CHP milletvekili Kara, Ateş'in başka isimle gömüldüğünü hatırlatarak, "Onun gibi onlarca kişi olabilir" diyor.

Bazı enkazların iyi bir şekilde taranmadan kaldırıldığını savunan Kara, örnek olarak halen 48 kişinin kayıp olduğu Rönesans Rezidans'ı gösteriyor.

"Kamuoyunda çok gündem olduğu için, enkazı alelacele kaldırıldı. İnsanlar belki de uzuvlarıyla birlikte yok edildi o enkazda" diyor.

Rönesans Rezidans'ta yaşayan 48 kişi halen kayıp

Kayıplarının bulunmasının bir "borç" olduğunu söyleyen 6 Şubat Deprem Kayıpları Platformu sözcüsü Güleç, "Bir mezarımız yok gidecek. Geçen yıl enkaza gittim, çiçeğimi bıraktım" diyor ve ekliyor:

"Belirsizlik çok zor.
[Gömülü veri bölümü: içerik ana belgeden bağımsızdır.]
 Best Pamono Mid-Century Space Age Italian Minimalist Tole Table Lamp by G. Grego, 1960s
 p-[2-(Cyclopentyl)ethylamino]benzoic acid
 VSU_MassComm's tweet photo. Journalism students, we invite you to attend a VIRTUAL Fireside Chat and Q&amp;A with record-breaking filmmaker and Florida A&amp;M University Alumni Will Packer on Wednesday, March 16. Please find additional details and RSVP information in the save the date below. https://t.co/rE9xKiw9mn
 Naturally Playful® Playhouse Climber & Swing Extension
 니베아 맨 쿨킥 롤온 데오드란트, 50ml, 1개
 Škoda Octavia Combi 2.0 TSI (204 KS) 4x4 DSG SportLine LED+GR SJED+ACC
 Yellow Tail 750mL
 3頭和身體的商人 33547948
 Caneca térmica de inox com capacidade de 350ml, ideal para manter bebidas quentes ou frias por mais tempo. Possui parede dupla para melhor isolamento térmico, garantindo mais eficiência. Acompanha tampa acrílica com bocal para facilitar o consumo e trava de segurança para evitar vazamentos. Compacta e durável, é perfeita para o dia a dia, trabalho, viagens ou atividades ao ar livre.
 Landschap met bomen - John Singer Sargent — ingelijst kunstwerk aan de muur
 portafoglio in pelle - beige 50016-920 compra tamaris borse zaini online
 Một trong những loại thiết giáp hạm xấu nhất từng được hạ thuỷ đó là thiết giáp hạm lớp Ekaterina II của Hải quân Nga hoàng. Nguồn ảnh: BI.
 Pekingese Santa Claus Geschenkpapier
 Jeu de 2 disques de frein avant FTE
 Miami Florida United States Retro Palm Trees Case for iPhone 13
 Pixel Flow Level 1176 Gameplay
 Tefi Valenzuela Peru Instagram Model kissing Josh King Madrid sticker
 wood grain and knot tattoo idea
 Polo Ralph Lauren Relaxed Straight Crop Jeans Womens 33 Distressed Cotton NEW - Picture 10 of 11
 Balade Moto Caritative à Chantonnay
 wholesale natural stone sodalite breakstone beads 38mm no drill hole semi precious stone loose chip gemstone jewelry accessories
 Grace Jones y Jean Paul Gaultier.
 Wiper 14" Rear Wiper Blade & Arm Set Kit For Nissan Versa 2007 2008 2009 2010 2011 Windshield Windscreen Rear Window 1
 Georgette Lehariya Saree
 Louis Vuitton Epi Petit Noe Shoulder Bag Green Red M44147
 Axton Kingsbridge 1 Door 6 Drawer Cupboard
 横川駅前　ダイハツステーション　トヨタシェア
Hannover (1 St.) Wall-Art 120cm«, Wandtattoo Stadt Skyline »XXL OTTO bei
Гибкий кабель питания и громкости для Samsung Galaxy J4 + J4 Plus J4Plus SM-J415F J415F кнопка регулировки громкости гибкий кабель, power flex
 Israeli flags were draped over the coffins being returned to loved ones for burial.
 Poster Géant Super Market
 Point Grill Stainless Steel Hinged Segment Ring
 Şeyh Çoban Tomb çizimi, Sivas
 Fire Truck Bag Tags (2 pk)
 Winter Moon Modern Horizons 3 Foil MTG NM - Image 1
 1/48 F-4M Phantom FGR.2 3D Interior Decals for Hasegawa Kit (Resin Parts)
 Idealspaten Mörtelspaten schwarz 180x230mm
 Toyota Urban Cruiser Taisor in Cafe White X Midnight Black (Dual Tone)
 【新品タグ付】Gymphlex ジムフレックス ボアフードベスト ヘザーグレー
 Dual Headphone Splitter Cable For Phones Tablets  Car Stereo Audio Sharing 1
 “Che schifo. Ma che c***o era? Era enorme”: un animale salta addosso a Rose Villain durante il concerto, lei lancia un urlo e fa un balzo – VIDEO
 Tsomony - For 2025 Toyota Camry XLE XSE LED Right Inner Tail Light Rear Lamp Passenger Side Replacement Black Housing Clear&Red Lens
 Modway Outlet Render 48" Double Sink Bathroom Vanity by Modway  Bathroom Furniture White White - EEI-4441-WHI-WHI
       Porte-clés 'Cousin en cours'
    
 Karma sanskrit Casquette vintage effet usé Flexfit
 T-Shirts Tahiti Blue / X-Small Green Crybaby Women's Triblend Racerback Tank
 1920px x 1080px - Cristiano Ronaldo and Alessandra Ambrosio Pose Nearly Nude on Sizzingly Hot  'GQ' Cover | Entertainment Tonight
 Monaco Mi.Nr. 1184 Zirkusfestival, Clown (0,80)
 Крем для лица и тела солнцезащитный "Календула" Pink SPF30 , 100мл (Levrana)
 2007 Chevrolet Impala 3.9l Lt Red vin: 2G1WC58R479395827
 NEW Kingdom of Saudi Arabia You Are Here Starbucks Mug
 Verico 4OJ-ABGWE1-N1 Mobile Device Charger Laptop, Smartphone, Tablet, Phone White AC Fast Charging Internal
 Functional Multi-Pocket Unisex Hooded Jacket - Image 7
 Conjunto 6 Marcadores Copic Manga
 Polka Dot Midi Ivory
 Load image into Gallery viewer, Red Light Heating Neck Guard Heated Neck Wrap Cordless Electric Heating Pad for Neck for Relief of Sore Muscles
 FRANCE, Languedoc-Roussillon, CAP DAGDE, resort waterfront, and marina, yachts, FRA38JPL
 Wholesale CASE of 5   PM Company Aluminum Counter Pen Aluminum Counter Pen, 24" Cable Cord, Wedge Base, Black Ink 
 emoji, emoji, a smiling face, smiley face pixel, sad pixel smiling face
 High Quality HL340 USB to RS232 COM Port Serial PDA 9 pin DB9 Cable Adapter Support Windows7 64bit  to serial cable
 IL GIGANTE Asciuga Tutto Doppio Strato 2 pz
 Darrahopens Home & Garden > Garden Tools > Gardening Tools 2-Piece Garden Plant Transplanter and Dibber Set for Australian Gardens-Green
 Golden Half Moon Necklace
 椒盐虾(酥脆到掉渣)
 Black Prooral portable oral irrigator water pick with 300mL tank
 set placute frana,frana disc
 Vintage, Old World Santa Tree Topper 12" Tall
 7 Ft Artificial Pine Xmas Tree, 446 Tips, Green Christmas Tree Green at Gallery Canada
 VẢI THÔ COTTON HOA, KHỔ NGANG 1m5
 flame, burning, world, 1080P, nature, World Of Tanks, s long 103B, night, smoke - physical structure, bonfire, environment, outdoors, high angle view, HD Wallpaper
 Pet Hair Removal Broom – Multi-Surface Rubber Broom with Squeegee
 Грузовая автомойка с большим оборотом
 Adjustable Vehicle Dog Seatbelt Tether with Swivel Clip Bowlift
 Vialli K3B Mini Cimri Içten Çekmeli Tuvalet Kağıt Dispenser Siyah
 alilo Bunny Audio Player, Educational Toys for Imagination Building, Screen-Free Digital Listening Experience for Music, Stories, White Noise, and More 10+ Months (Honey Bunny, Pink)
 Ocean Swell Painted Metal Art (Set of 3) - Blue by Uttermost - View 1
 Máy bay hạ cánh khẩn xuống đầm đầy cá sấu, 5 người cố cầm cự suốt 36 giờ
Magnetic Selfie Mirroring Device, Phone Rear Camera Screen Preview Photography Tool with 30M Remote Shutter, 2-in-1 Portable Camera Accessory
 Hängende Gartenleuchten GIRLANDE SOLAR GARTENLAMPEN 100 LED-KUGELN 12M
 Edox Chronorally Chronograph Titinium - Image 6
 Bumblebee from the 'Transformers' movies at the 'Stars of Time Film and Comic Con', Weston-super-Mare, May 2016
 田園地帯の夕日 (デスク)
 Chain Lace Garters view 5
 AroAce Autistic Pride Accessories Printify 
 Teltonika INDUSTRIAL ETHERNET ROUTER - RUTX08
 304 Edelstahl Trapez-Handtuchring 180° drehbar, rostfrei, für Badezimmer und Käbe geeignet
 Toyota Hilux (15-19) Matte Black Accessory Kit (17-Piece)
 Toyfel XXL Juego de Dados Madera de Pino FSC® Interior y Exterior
Mantığım vefat etmiştir diyor, ama kalpten diyorsun ki acaba bir yerden çıkıp gelecek mi oğlum… Bulamadığım sürece ölene kadar bu şekilde düşüneceğim."

Nurşen Kısa da Emir'i aramaktan vazgeçmeyeceğini söylüyor:

"Benim çocuğuma dair ne canlı ne ölü diye hiçbir şey yok. Nüfustan düşürülmesini asla kabul etmeyeceğim."